**TO DO:** The answer must reproduce the listing exactly, with every picture left out.

**RECORDED INFORMATION:**
++++++++
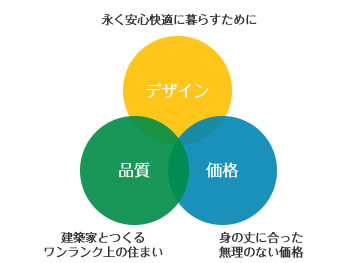 デザイン・品質・価格、全てが大事な要素です。３つの輪が重なり合う画像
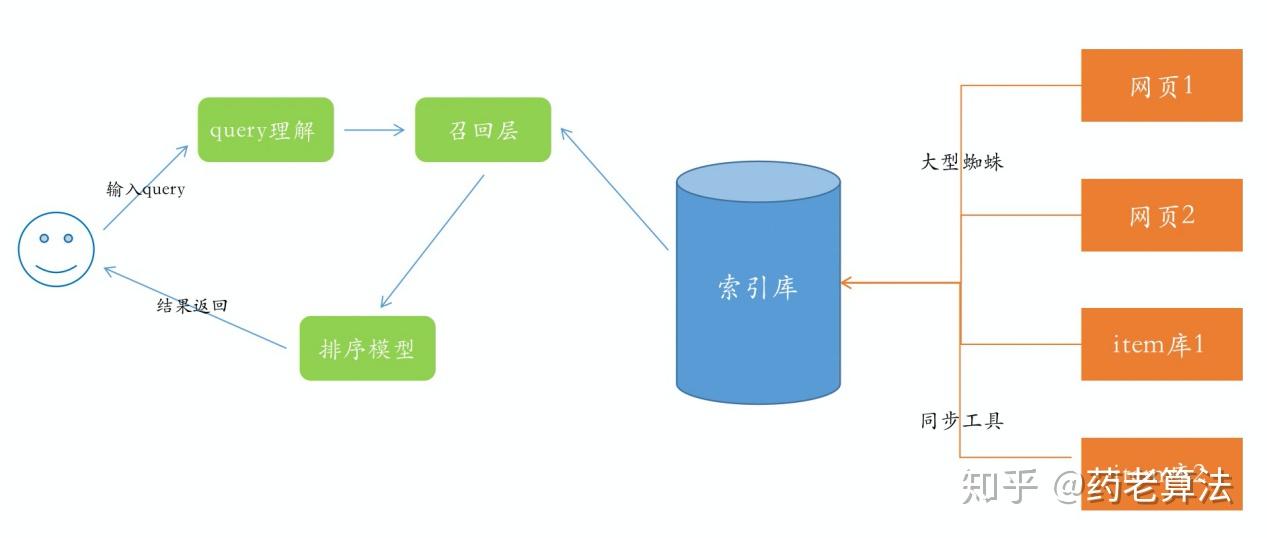 主宰搜索引擎：利用 SEO 优化提升网站排名 (主宰搜索引擎有哪些)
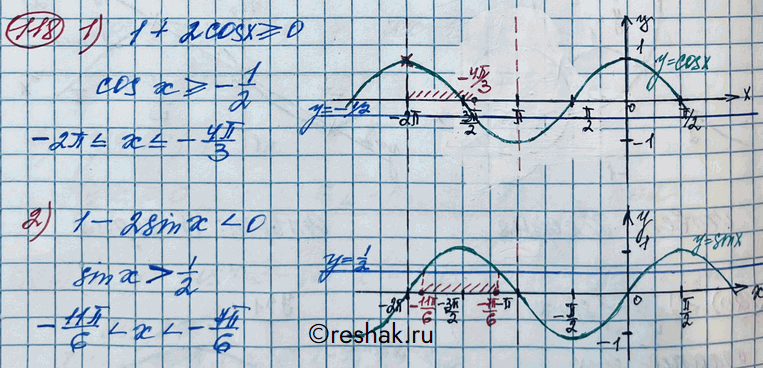Изображение 118. Найти все принадлежащие промежутку [-2пи; -пи] решения неравенства:1) 1 + 2 cos х>=0;	2) 1-2sinx0;	4) 1 - 2tgx...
++++++++
**RESULT OF THIS TASK:**
 デザイン・品質・価格、全てが大事な要素です。３つの輪が重なり合う画像
 主宰搜索引擎：利用 SEO 优化提升网站排名 (主宰搜索引擎有哪些)
Изображение 118. Найти все принадлежащие промежутку [-2пи; -пи] решения неравенства:1) 1 + 2 cos х>=0;	2) 1-2sinx0;	4) 1 - 2tgx...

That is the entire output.